--- BRIEF ---
Only the text of the records belongs in the answer, copied exactly, with every picture omitted.

--- SUPPLIED INFORMATION ---
════════════════════
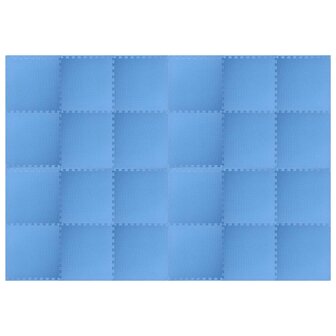 Vloermatten 24 st 8,64 ㎡ EVA-schuim blauw 4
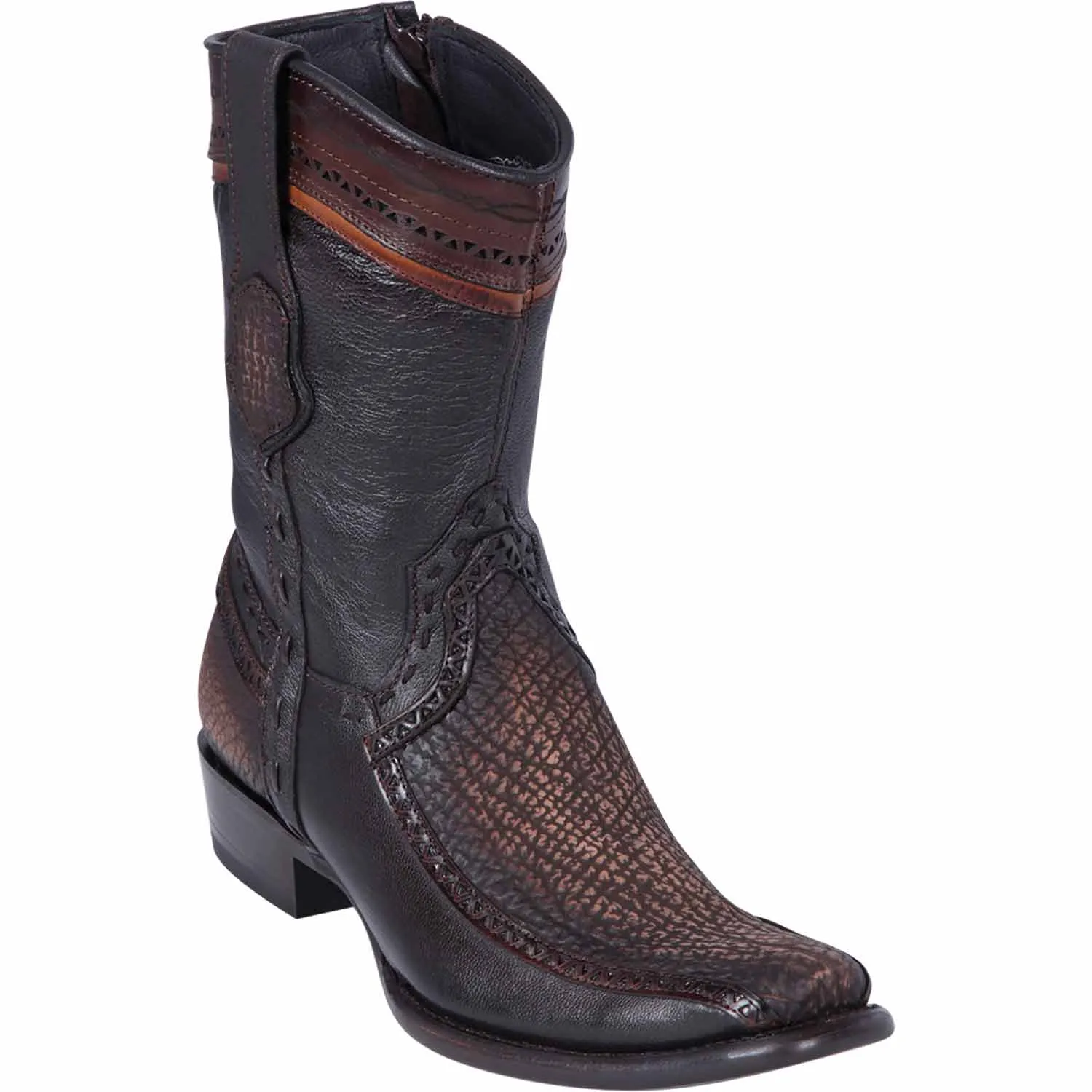 Men's Wild West Shark with Deer Dubai Toe Short Boots 279BF09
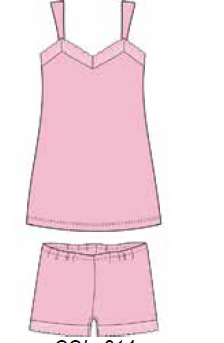 Damella Pyjamas med shorts - image 1
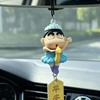 Cartoon Cute Crayon Shin Chan Car Pendant Rear View Mirror Creative Safe Car Interior Decoration Anime Figure Toys Gifts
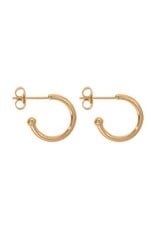 Nikki Lisosni Gold Hoop Earrings - EA1000G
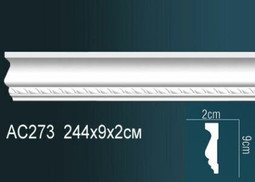 Молдинг AC273 (35) с рисунком Перфект полиуретан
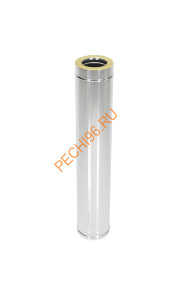 Сэндвич-труба ТиС Промо L=1000 мм, нержавейка AISI 316-0,8 мм/304-0,5 мм, D120/220 мм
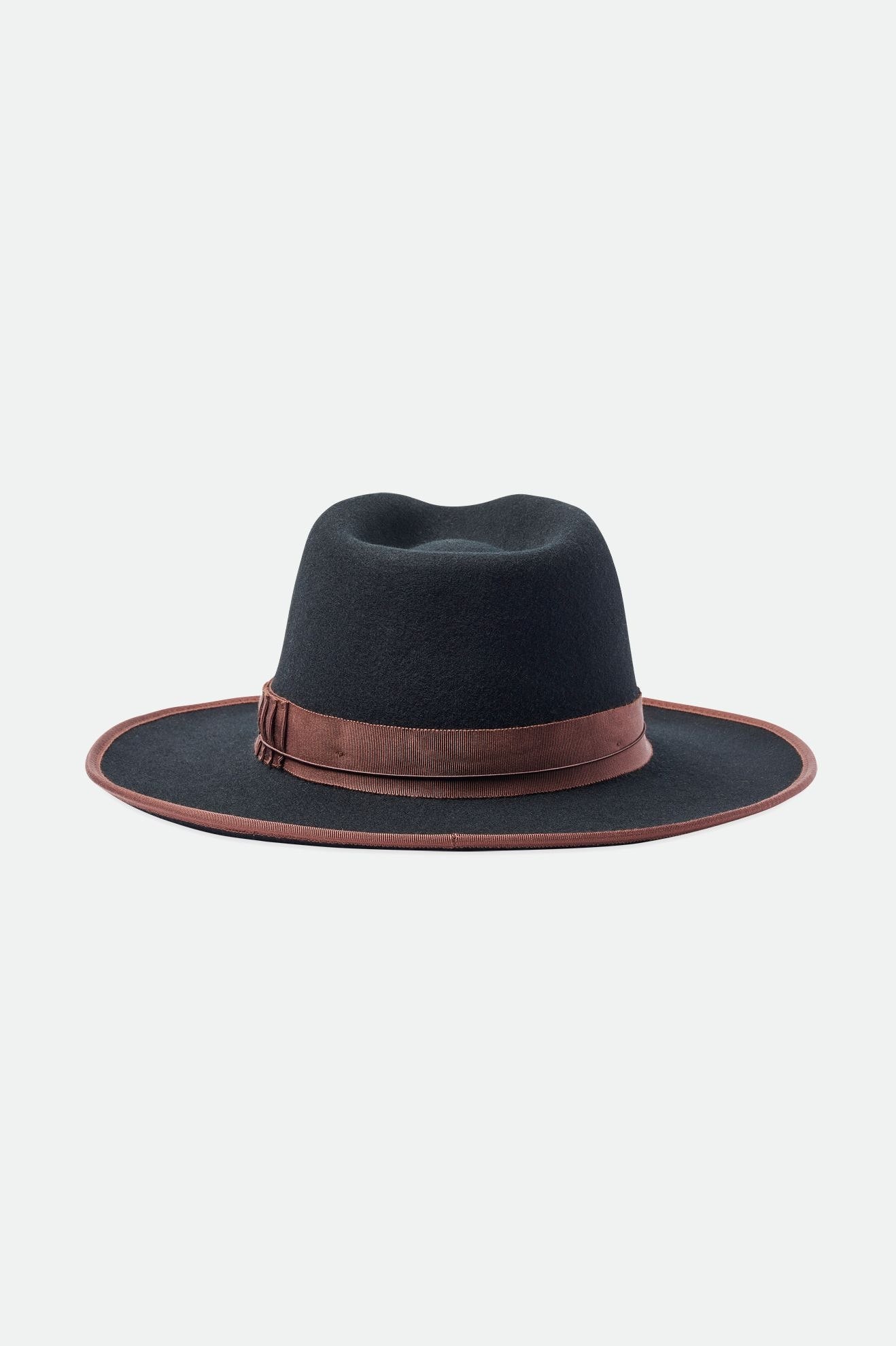 Brixton Reno Fedora Fedoras Damske Čierne Hnede | 351068IZA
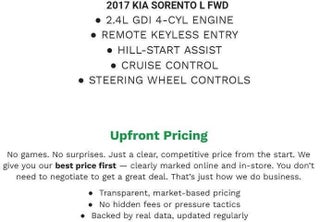 2017 Kia Sorento LX FWD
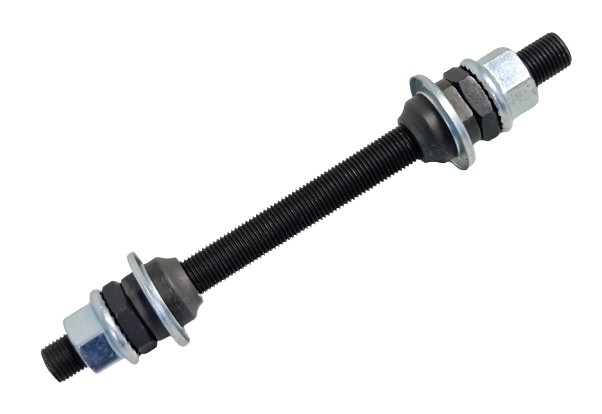 Bls Voorwielas vast 3/8 x 133mm incl wielmoeren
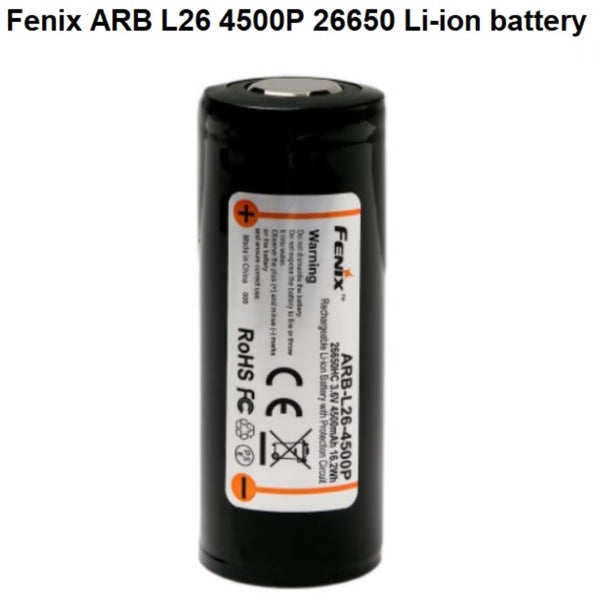 Fenix ARB L26 4500P 26650 Li ion Battery
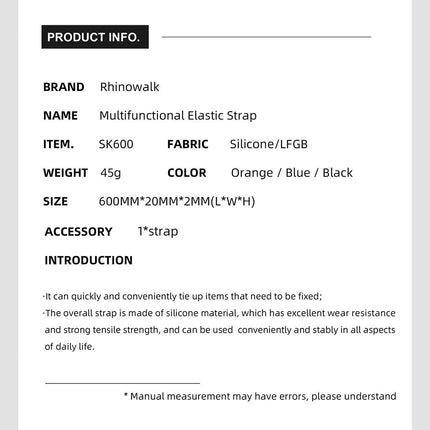 Elastic Silicone Straps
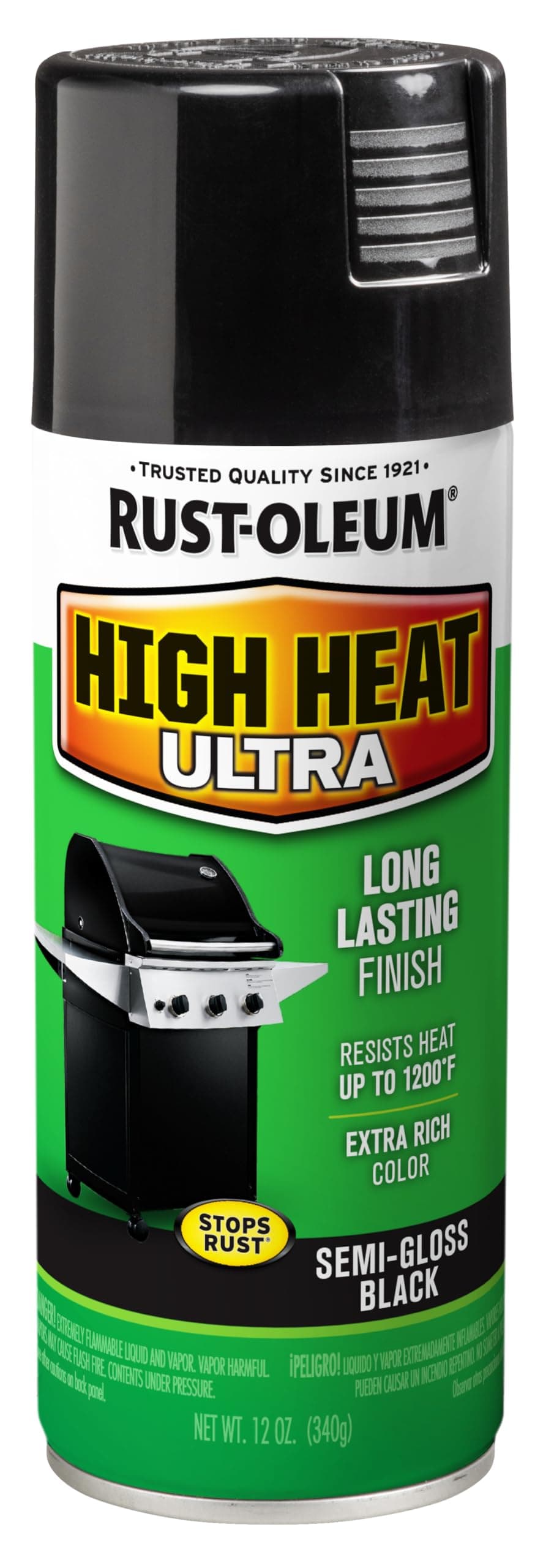 Rust-OlEUm High Heat U/C Black 12Oz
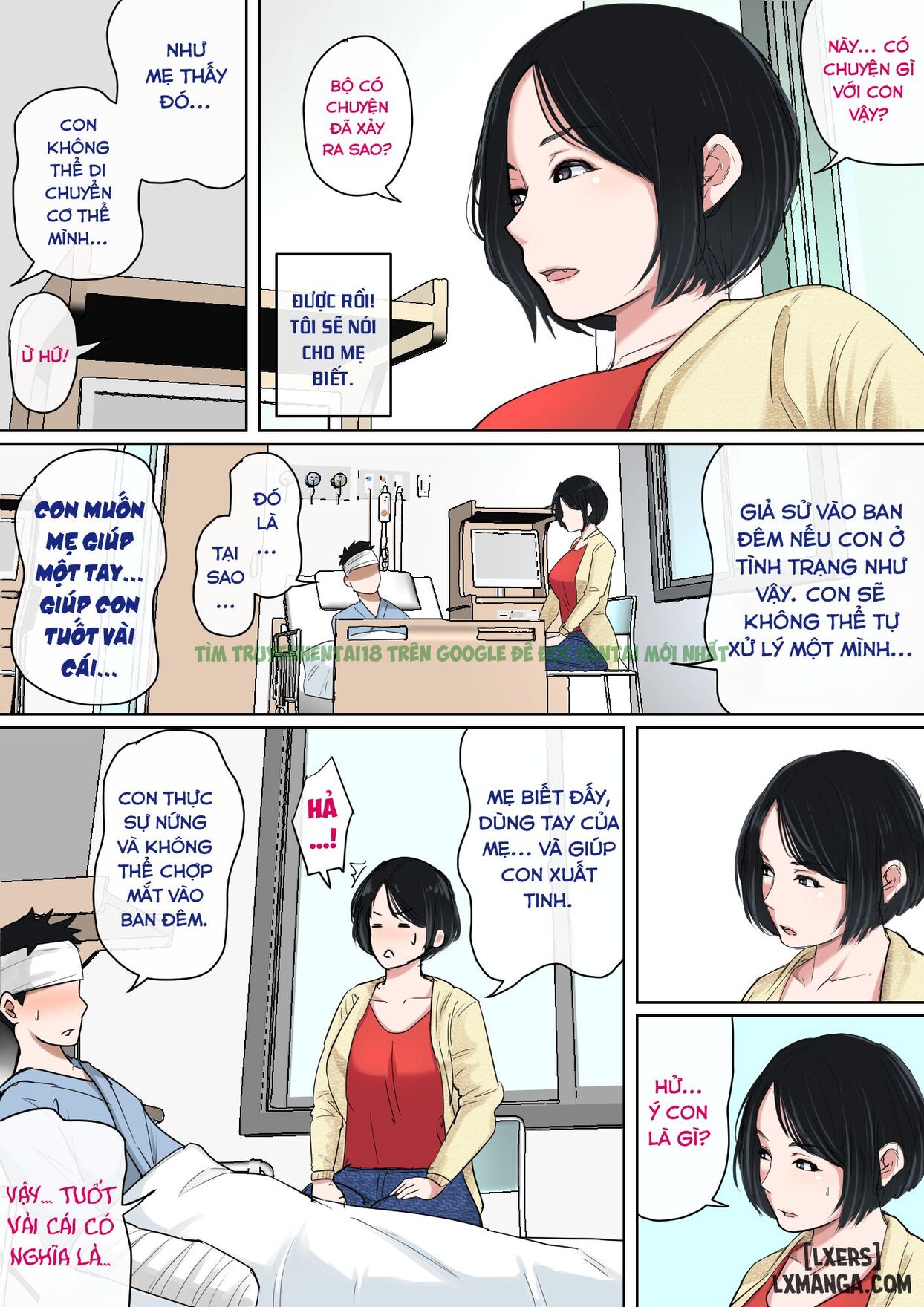 Xem ảnh Nyuuin-chuu No Muramura Wa Okaa-san De... - Chap 1 - 3 - Truyenhentaiz.net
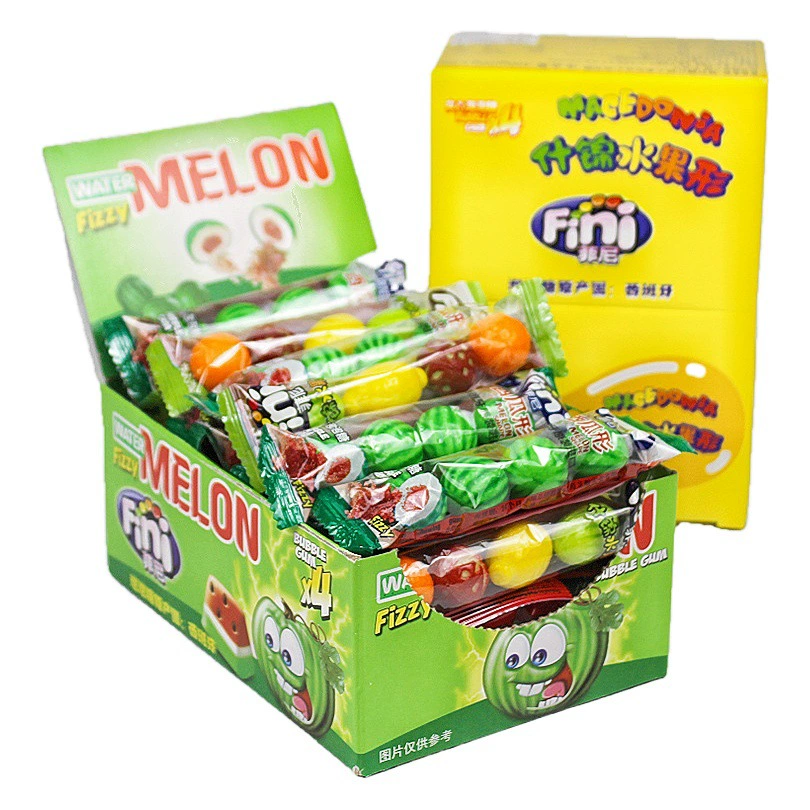 Испания Фини жевательная резинка арбуз теннисное моделирование Ассорти фруктовая жевательная резинка 20 г * 20 целая коробка оптом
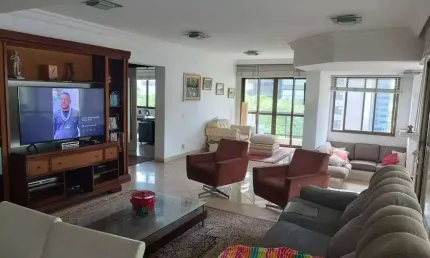 Chateau Montpellier - Apartamento com 300m², 4 Suítes, Varanda Gourmet com Churr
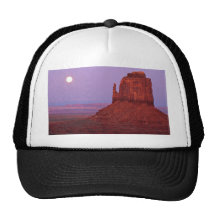 Puesta del sol y salida de la luna en la mota de l gorro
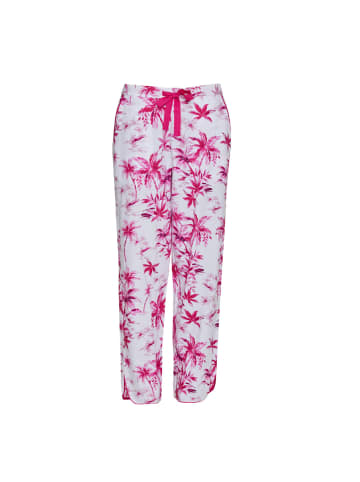 Cyberjammies HY Palm Leaf Pyjama Bottoms in white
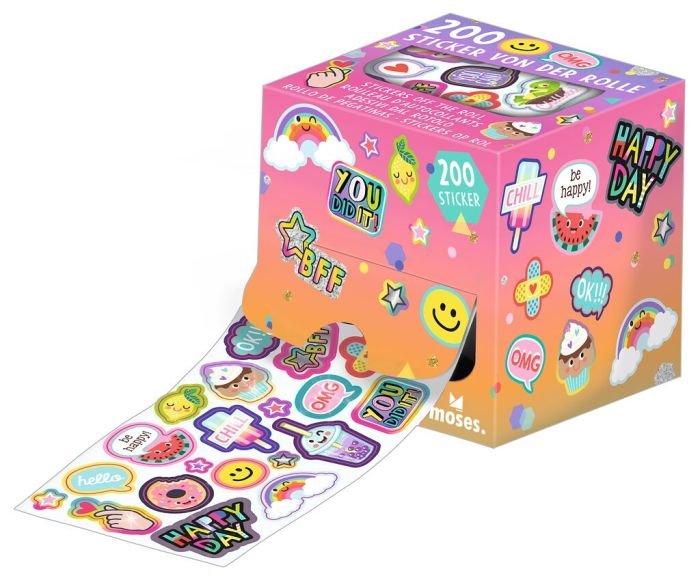 Der Sticker Glitzer Sticker Kinder – 200 Sticker für Bastelspaß
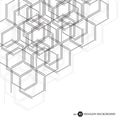 Abstract molecule background. Hexagonal chemistry pattern. Molecular scientific research. Composition of the molecular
════════════════════
--- FINISHED EXERCISE ---
 Vloermatten 24 st 8,64 ㎡ EVA-schuim blauw 4
 Men's Wild West Shark with Deer Dubai Toe Short Boots 279BF09
 Damella Pyjamas med shorts - image 1
 Cartoon Cute Crayon Shin Chan Car Pendant Rear View Mirror Creative Safe Car Interior Decoration Anime Figure Toys Gifts
 Nikki Lisosni Gold Hoop Earrings - EA1000G
 Молдинг AC273 (35) с рисунком Перфект полиуретан
 Сэндвич-труба ТиС Промо L=1000 мм, нержавейка AISI 316-0,8 мм/304-0,5 мм, D120/220 мм
 Brixton Reno Fedora Fedoras Damske Čierne Hnede | 351068IZA
 2017 Kia Sorento LX FWD
 Bls Voorwielas vast 3/8 x 133mm incl wielmoeren
 Fenix ARB L26 4500P 26650 Li ion Battery
 Elastic Silicone Straps
 Rust-OlEUm High Heat U/C Black 12Oz
 Xem ảnh Nyuuin-chuu No Muramura Wa Okaa-san De... - Chap 1 - 3 - Truyenhentaiz.net
 Испания Фини жевательная резинка арбуз теннисное моделирование Ассорти фруктовая жевательная резинка 20 г * 20 целая коробка оптом
 Chateau Montpellier - Apartamento com 300m², 4 Suítes, Varanda Gourmet com Churr
 Puesta del sol y salida de la luna en la mota de l gorro
 Cyberjammies HY Palm Leaf Pyjama Bottoms in white
 Der Sticker Glitzer Sticker Kinder – 200 Sticker für Bastelspaß
 Abstract molecule background. Hexagonal chemistry pattern. Molecular scientific research. Composition of the molecular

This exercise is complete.